* _GOAL OF THE EXERCISE_
Word for word, transcribe the data below.
─── SOURCE DATA ───
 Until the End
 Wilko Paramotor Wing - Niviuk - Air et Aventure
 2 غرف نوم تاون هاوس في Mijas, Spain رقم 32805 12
───
* _ANSWER AREA_
 Until the End
 Wilko Paramotor Wing - Niviuk - Air et Aventure
 2 غرف نوم تاون هاوس في Mijas, Spain رقم 32805 12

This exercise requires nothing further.